OBSTACLES (or events)Who or what is stopping, or making it difficult for the protagonist to achieve their goal? Obstacles can come from a single or multiple sources and can even be some aspect of the protagonists’ character that becomes the obstacle. Without an obstacle, a story would not be much of a story.

The RESOLUTION – How does your protagonist achieve their goal, despite the obstacles? Perhaps they don’t achieve their goal but, the resolution is their acceptance of this fact.

Exercise 1

Pretty much every story can be summarised using the ‘five finger pitch’.

Test this theory out: consider a few books and/or films you have recently read or watched and see if you can identify your own answers to the following questions (in bold). Remember to think about the overall picture, rather than the specific details:


Film/Novel title: ET (science fiction film by Steven Spielberg)

Setting: Suburban California

Protagonist: the story is from the point of view of Elliot, the young boy who finds the alien.

Goal: Elliot is trying to get the alien (ET) back home

Obstacles: The government agencies who want to capture the alien

Satisfactory resolution: ET goes home



Children’s stories still have all the same five key elements, but without the complexity that an adult story/novel might have. 

Novel title: Mog, The forgetful Cat (a children’s story by the much loved Judith Kerr)

Setting: Mog lives with Mr and Mrs Thomas and their children in an ordinary house England.

Protagonist: Mog The Forgetful Cat

Goal: For everyone to love and appreciate her.

Obstacles: Mog is forgetful, and that gets her into all sorts of trouble with her owners.

Satisfactory resolution: Mog alerts the family to a burglar and becomes a hero, which makes everyone appreciate her and love her more.

Exercise 2

You are going to use a Five Finger Pitch to plot and then write your own short story of around 500 words, using one of the improbable scenarios listed 1 to 5 below.
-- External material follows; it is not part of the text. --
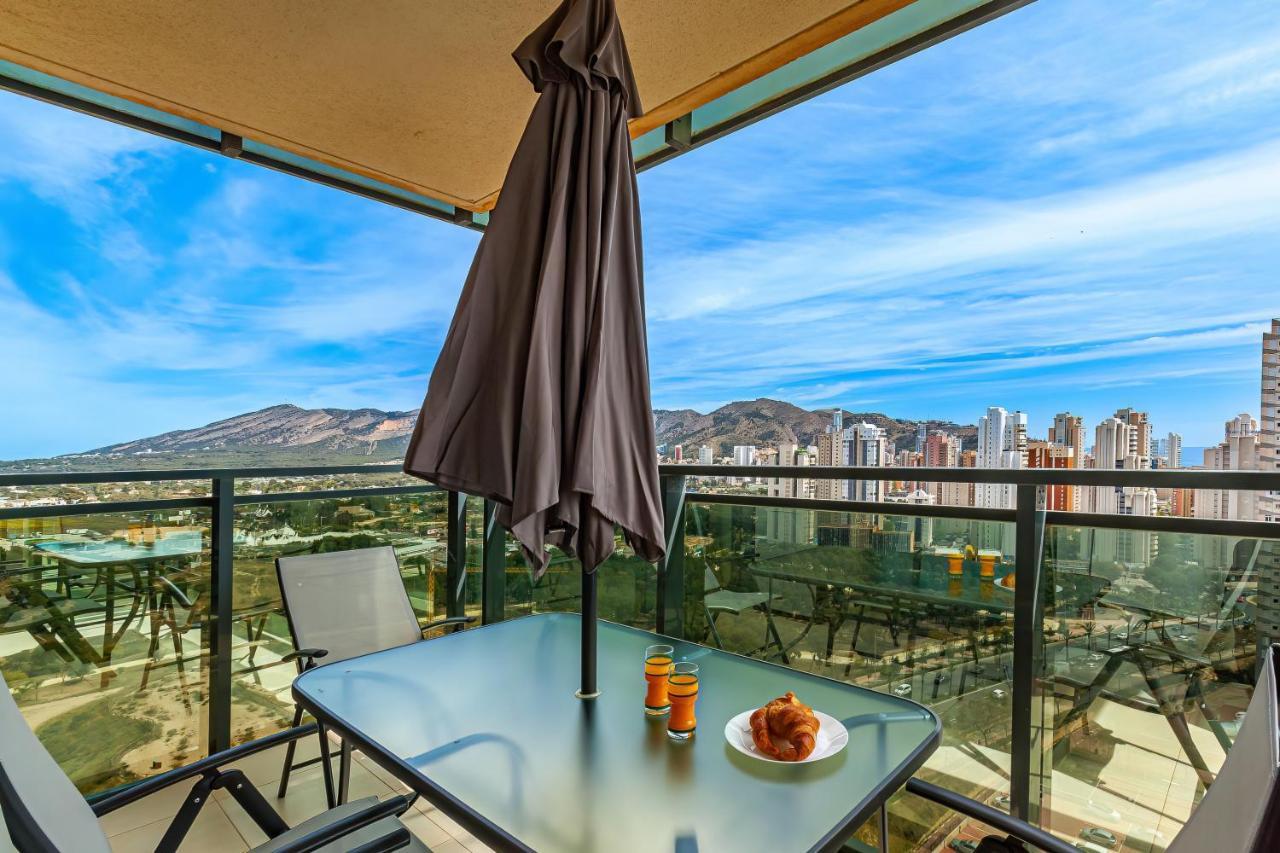 Panorama Benidorm By Costaroom Εξωτερικό φωτογραφία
Remember to describe what you see, how you feel and any smells, sounds or sensations you might experience too.

PROTAGONIST You are the main character.

GOAL You have an important meeting that you must attend, this afternoon – your future depends on it.

SETTING When I woke up this morning, I wasn’t in my bedroom…..

Now select an OBSTACLE from numbers 1 to 5 below. You could randomise your selection by throwing a dice (create your own scenario if you throw a 6).

1 … I was clinging to the branch of a tree, in a jungle full of dangerous creatures and poisonous plants.

2 … My bed was a boat and I was in the middle of a choppy ocean, surrounded by sharks.

3 … I was on the moon with a broken spacecraft and a rather angry alien.

4 … I was trapped in a cage, hanging from the ceiling of a castle, surrounded by guards shouting, “Off with their head”.

5 … I was running through a network of underground tunnels, being chased by angry trolls. 

RESOLUTION How will you get out of your predicament and arrive at your meeting on time?

Remember, this is your story and you can write your way out using absolutely any escape plan you can think of – be imaginative – crazy even – push yourself to be as daft and inventive as possible.